Neue Konzepte in der Schweiz

Inwiefern sind diese Neuerungen aber mit der Schweizer Planungsrealität kompatibel? In der konkreten Umsetzung stellen wir fest, dass oftmals das Argument gewinnt: Es hat andernorts jahrzehntelang funktioniert, also wird es das auch hier. Oft fehlen der Wille und der Mut, Neues einzuführen. Digital vor ambulant vor stationär findet noch keine nachhaltige Akzeptanz, weder bei den Bestellern, also den Spitalbetreibern, noch in der Planungswelt.

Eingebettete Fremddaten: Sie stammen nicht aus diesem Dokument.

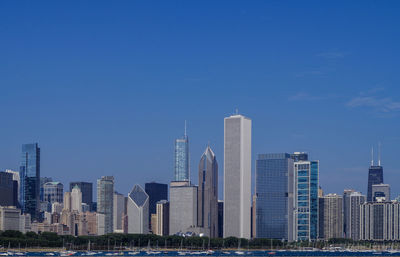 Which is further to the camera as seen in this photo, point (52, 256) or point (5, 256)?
point (52, 256)

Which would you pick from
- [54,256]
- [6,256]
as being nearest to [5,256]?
[6,256]

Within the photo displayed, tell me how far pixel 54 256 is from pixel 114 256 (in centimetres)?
1669

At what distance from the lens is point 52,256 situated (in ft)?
618

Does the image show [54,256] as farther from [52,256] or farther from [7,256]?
[7,256]

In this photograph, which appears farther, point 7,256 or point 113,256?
point 113,256

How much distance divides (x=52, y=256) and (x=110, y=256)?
56.7ft

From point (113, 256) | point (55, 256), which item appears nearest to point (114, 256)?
point (113, 256)

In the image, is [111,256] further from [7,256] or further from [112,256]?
A: [7,256]

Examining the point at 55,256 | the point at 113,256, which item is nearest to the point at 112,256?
the point at 113,256

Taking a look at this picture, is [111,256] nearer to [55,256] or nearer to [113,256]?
[113,256]

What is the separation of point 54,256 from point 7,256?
19.6m

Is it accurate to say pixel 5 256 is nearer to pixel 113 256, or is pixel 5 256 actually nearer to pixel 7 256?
pixel 7 256

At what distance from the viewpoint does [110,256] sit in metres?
181

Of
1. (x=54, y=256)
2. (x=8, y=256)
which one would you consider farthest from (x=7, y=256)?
(x=54, y=256)
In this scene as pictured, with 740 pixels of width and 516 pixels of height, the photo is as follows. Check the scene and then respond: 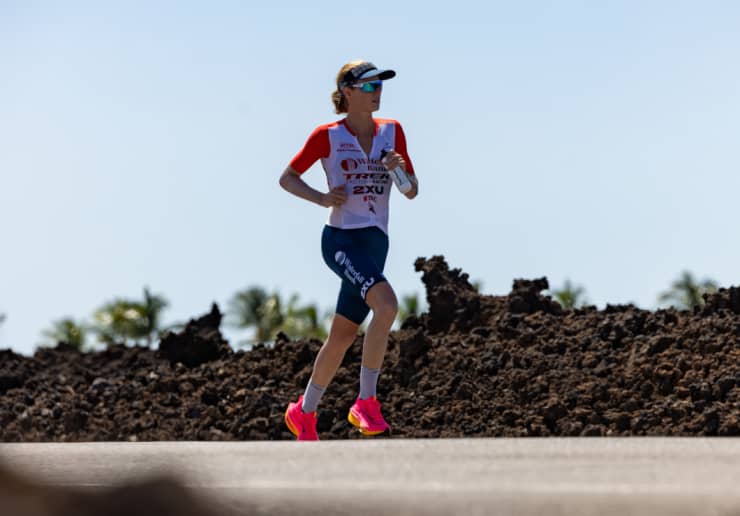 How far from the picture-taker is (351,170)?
28.2ft

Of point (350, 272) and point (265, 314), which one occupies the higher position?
point (265, 314)

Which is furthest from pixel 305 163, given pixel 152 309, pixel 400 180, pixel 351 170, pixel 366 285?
pixel 152 309

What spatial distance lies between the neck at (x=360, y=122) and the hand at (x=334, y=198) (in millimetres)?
495

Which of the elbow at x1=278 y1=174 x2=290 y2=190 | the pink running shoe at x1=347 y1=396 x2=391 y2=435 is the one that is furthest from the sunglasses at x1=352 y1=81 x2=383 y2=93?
the pink running shoe at x1=347 y1=396 x2=391 y2=435

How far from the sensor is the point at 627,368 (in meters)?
11.5

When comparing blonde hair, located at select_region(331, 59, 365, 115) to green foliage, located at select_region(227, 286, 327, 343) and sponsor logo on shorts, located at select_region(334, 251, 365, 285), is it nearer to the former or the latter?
sponsor logo on shorts, located at select_region(334, 251, 365, 285)

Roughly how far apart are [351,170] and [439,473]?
431 centimetres

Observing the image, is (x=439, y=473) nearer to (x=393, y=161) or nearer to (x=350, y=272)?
(x=350, y=272)

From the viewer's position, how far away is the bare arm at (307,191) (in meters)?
8.47

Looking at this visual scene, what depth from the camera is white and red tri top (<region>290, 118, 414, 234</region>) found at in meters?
8.55

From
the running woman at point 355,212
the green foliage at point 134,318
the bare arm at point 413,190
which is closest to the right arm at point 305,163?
the running woman at point 355,212

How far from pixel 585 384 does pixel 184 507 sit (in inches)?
309

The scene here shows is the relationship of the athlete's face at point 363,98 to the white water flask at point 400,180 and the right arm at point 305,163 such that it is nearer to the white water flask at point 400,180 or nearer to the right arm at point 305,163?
the right arm at point 305,163

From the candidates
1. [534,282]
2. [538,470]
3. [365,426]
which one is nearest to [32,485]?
[538,470] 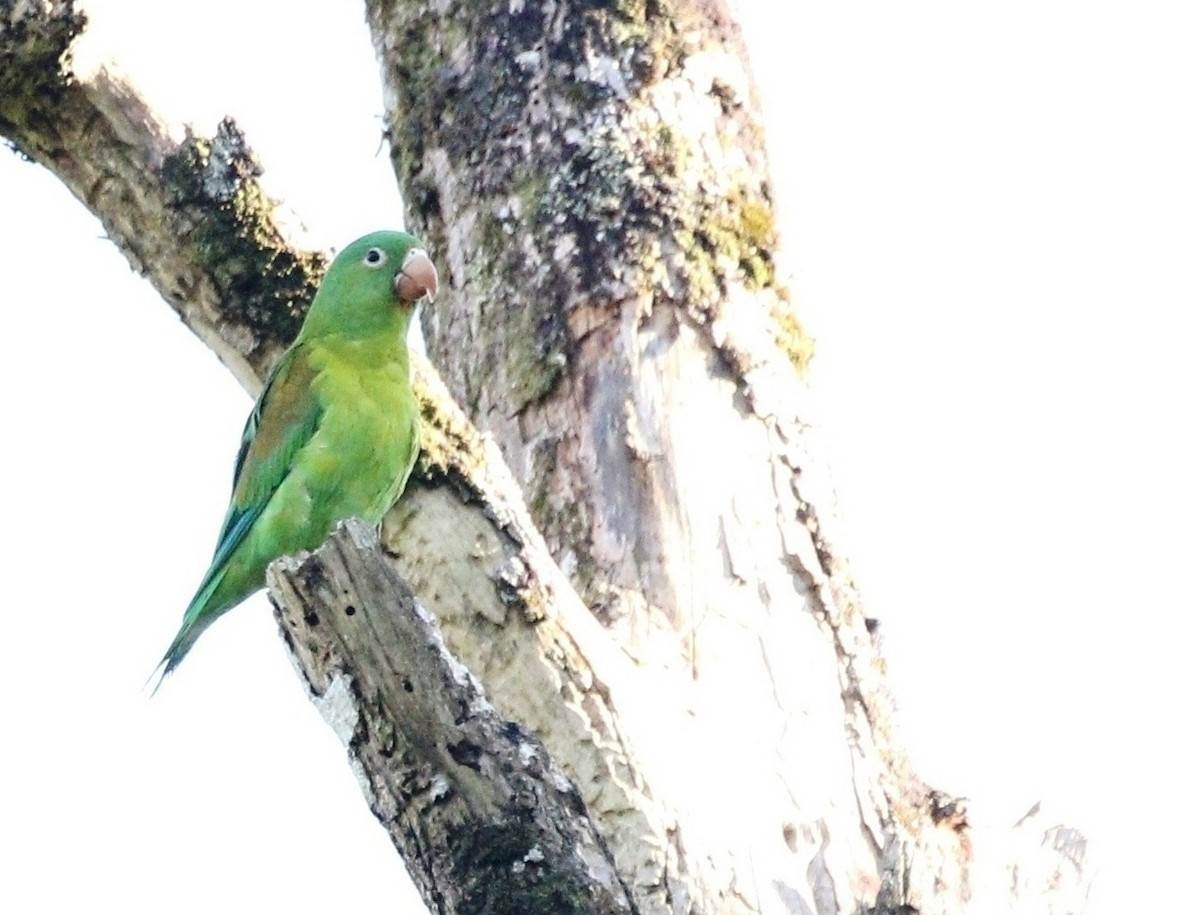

Auch die prozessorientierte Lean-Methode hält erst ansatzweise Einzug. Zu gross sind die Ängste vor Rollenverschiebungen, zu eingefahren die Strukturen. Angesichts des unvermeidbaren Umbaus der Spitallandschaft1 wird sich das ändern müssen. Künftig wird nicht mehr der Grössere den Kleineren schlucken, sondern der Schnellere als Einziger in der Zukunft ankommen.

Anmerkung
1 Die «Verschwendung» von Flächen aufgrund falscher Organisation dürfte gemäss unseren Erfahrungswerten 20 – 30% der Hauptnutzfläche betragen.